Pour déterminer avec précision la signification de la mort de Fondaminski, il convient de se souvenir qu'elle fut pour partie volontaire. L'occasion d'assurer son salut s'était présentée à lui. Tombé gravement malade, il fut transféré à l'hôpital. L'évasion était possible et des amis (des socialistes, cette fois) se proposaient pour l'organiser. Mais Fondaminski refusa. Il motiva son refus par son désir de partager le sort des juifs condamnés. Dans ses derniers jours, il voulait vivre avec les chrétiens et mourir avec les juifs, rachetant ainsi, peut-être, la souffrance qu'il leur avait involontairement infligée par son baptême.

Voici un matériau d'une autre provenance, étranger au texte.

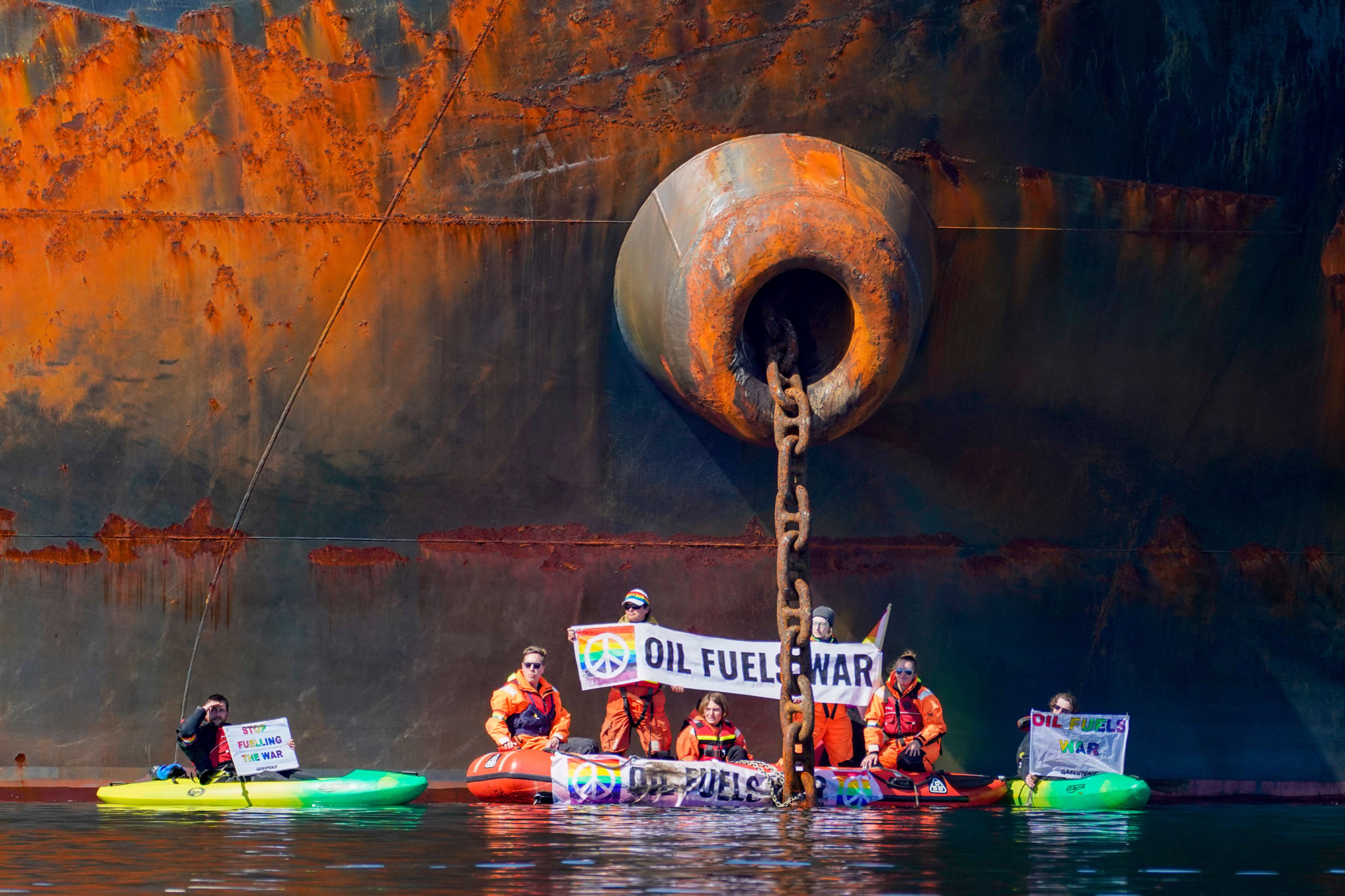 Greenpeace environmental activists are taking action against the Ust Luga, which is reported to be unloading Russian oil at the port of Aasgaardstrand, Norway, on April 25.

La mort de Fondaminski restera sans doute à jamais enveloppée de mystère. Il fut emmené en Allemagne, où ses traces se perdent. On ne connaît même pas le camp où il rencontra sa fin. Ses proches et ses amis ont pendant des années espéré son salut. La rumeur disait qu'il avait été transféré en Russie ; certains ont même entendu sa voix à la radio. Cependant sa mort est indubitable. Le gouvernement français informa la famille de la date exacte : le 19 novembre 1942. il aurait été achevé par un convoyeur allemand lors d’un transfert. Des détails extérieurs peuvent-ils ajouter quelque chose au sens de son sacrifice terrible et glorieux ? Non pas des milliers, mais des millions d'êtres humains ont emprunté le même chemin vers le Golgotha, mais peu sont morts volontairement afin de partager les souffrances de leur peuple (même s'il n'était le sien qu'à moitié).

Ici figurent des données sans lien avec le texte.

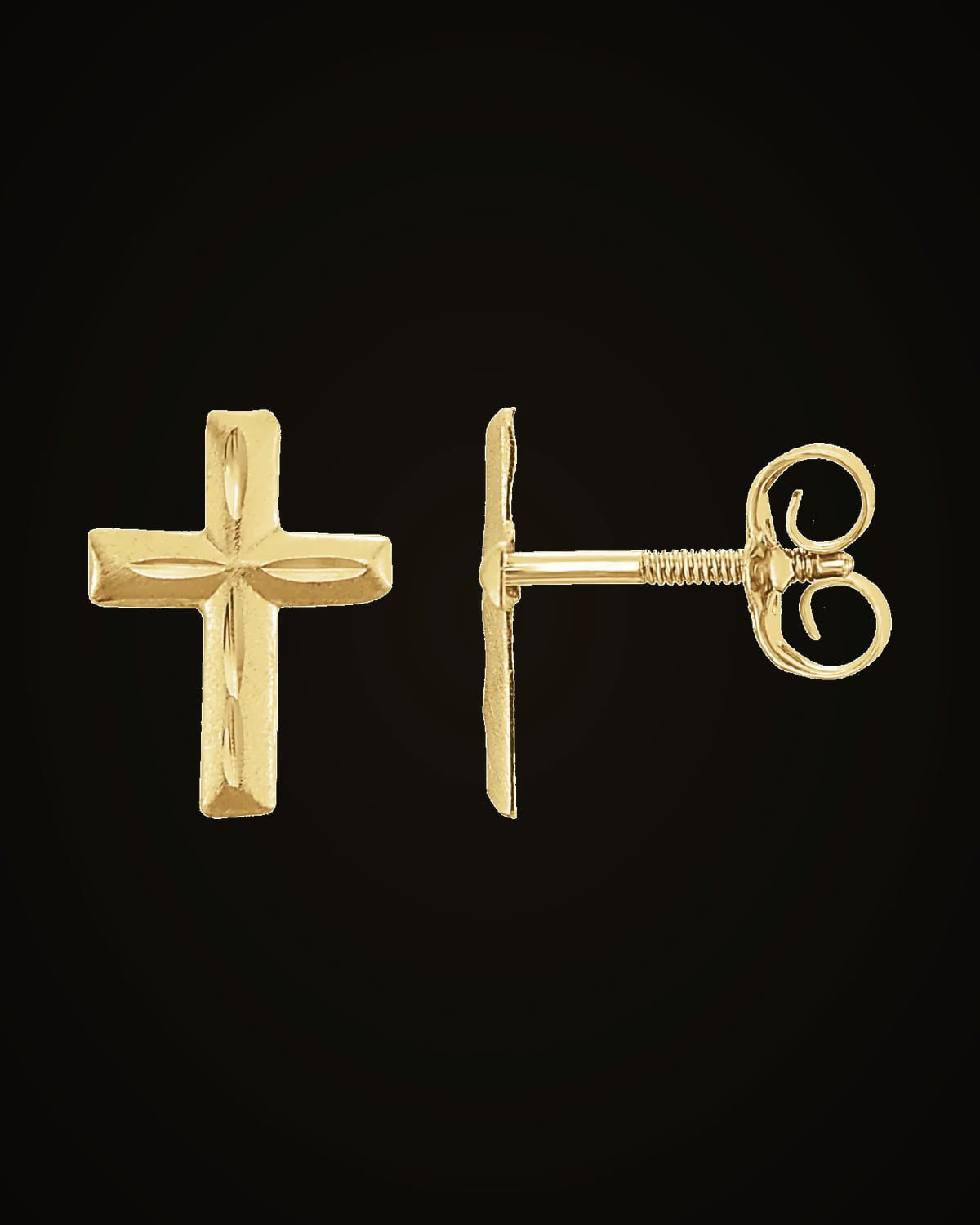 Youth Cross Earrings — 14K Yellow Gold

La mort librement acceptée, apparemment injustifiée et sans but, le refus de défendre sa vie face aux assassins - « tel l'agneau immaculé, sans voix devant celui qui le tond » - est l'expression russe de l'imitation kénotique du Christ. Par sa non-résistance, l'ancien révolutionnaire, lion devenu agneau, se faisait le disciple - en avait-il lui- même conscience ? - du premier saint russe, le prince Boris.

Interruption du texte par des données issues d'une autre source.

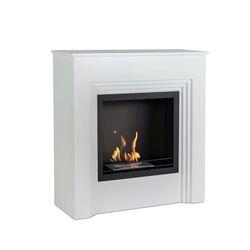 STONES HOME FURNITURE, Caminetto a Bioetanolo da Parete, Senza Fumo, Bruciatore in Acciaio da 1,5 l, Durata Fiamma 3 ore, Modello Family, Colore Bianco e Nero, 96 x 35 x h 96 cm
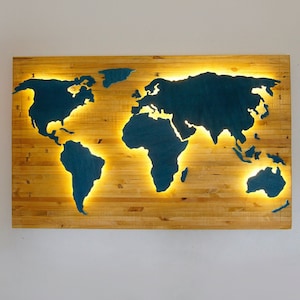 Wooden world Map with LED lights! Wall hanging home decor eco friendly sustainable art, office  map, traveler gift, living room, bedroom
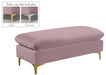 Meridian Furniture - Naomi Velvet Ottoman Bench in Pink - 636Pink-Ott - GreatFurnitureDeal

Le kénotisme religieux russe, a dès les premiers jours du christianisme en Russie, trouvé une double issue à sa soif d'exploit ascétique : l'abaissement social, fondé sur la charité, ainsi que la mort volontaire et sacrificielle. Des siècles plus tard, dans la culture athée du XIXe siècle, le mouvement des narodnik russes (la même kénose, essentiellement), suivant inconsciemment la voix de la conscience d'un peuple encore chrétien, trouvait son accomplissement dans ces deux démarches. En la personne d'E.I. Fondaminski, le mouvement des narodnik paya avec surplus sa dette historique à l'Église.

Une sainte vie, une sainte mort. Saint Élie prie pour nous, pauvres pécheurs qui vénérons pieusement ta mémoire.